Master's Thesis completed 1999

Generation of optimal transportation corridor paths using GIS weighted distance functions and a cost model based on NC-CREWS

Joseph V. (Casey) Bianco.

under the direction of Dr. Joseph Roise


Roise, J.P., T.H. Shear and J.V. Bianco. 2004. Sensitivity analysis of transportation corridor location in wetland areas: A multiobjective programming and GIS approach. Wetlands Ecology and Management 12(5):519-529.

Abstract

A multiobjective programming approach for locating transportation corridors through areas containing
wetlands is presented. The approach uses a geographic information system in combination with multiple objectives for environment and construction costs, and the North Carolina Coastal Region Evaluation of Wetland Significance (NC-CREWS) program.

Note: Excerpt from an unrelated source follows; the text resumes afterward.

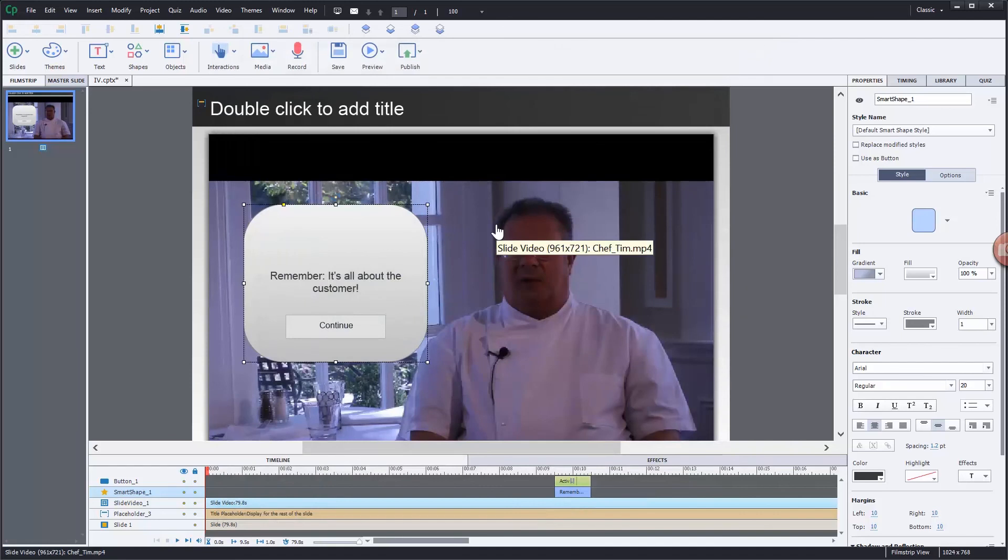Excellent. So that's just a quick little lesson on how to create interactive video here in Captivate 8.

The multiobjective function is a weighted combination of wetland values and construction cost. The objective minimizes total cost of construction and wetland impacts resulting from a specific transportation corridor. The transportation designer specifies starting and ending points of the desired corridor. The model then finds the best path given the weights placed on each individual objective (i.e. habitat quality, water quality, hydrology, and construction expense). By varying the weight set, several different paths can be found. The approach is tested on a watershed in Carteret County North Carolina using a benchmarking procedure. One benchmark minimizes a combined wetland significance loss (cost). This path avoids crossing wetlands. The other benchmark minimizes construction expense. Varying the weight placed on each of the objective function components generates additional paths. The approach is useful in locating alternative road corridor paths in attempts to satisfy conflicting societal interests.